Seine suspense as Paris count down begins

Opening ceremony could be jeopardised as river is too dirty for sport

AFP June 25, 2024
Triathlon athlete dives in the Seine river in this file photo, with The Eiffel Tower in the background. A number of pre-Olympics swimming events had to be cancelled here due to excessive pollution in the river which jeopardises the opening ceremony of the Paris Olympics 2024. PHOTO: AFP


The river Seine is set to be a star feature of the Paris Olympics, but heavy rain, pollution and security fears mean there is still suspense around its role just one month out from the start.

A spectacular July 26 opening ceremony has been planned along the famed waterway -- the first time a summer Games has begun outside the main stadium -- and it will also host open-water swimming and a leg of the triathlon.

But with the clock ticking down, the river is currently flowing too fast for rehearsals and is too dirty for sport.

With currents unusually strong, organisers cancelled the first full practice session for the opening ceremony scheduled for Monday involving all 85 river boats which will carry athletes along a six-kilometre (four mile) route.

“If the flow is too fast, it will pose a serious problem for the opening ceremony,” hydrologist Jean-Marie Mouchel told AFP.
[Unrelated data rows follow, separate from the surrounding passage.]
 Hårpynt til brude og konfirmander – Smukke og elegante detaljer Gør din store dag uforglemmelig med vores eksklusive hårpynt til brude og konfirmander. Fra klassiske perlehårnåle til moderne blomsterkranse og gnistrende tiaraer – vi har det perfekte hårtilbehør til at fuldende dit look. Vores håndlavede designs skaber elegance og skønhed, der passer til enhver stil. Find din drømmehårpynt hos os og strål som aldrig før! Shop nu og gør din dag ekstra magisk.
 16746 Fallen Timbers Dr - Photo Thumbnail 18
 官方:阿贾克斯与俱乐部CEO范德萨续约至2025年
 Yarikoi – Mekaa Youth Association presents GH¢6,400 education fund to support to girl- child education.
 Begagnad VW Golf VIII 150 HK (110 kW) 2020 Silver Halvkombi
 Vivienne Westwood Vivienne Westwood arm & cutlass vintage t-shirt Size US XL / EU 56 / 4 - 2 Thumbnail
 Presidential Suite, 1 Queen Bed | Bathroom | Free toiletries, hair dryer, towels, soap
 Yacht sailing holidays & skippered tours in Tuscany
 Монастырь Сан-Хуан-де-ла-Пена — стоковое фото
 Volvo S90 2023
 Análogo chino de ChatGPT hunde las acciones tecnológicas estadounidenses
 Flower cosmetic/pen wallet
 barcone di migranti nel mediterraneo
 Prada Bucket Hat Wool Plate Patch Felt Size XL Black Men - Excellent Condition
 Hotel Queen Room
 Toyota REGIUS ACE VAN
After weeks of unusually wet weather, the Seine is high up its banks, with its flow measured at 500 m3/second (18,000 ft3/second) last Friday -- around four to five times higher than its usual level in the summer months.

The heavy rain in May and June has also caused major pollution problems.

French authorities have spent 1.4 billion euros ($1.5 billion) in the last decade trying to clean up the river by improving the Paris sewerage system, as well as building new water treatment and storage facilities.

But major storms still overwhelm the waste water network, some of which dates back to the 19th century, leading to discharges of untreated sewage directly into the river.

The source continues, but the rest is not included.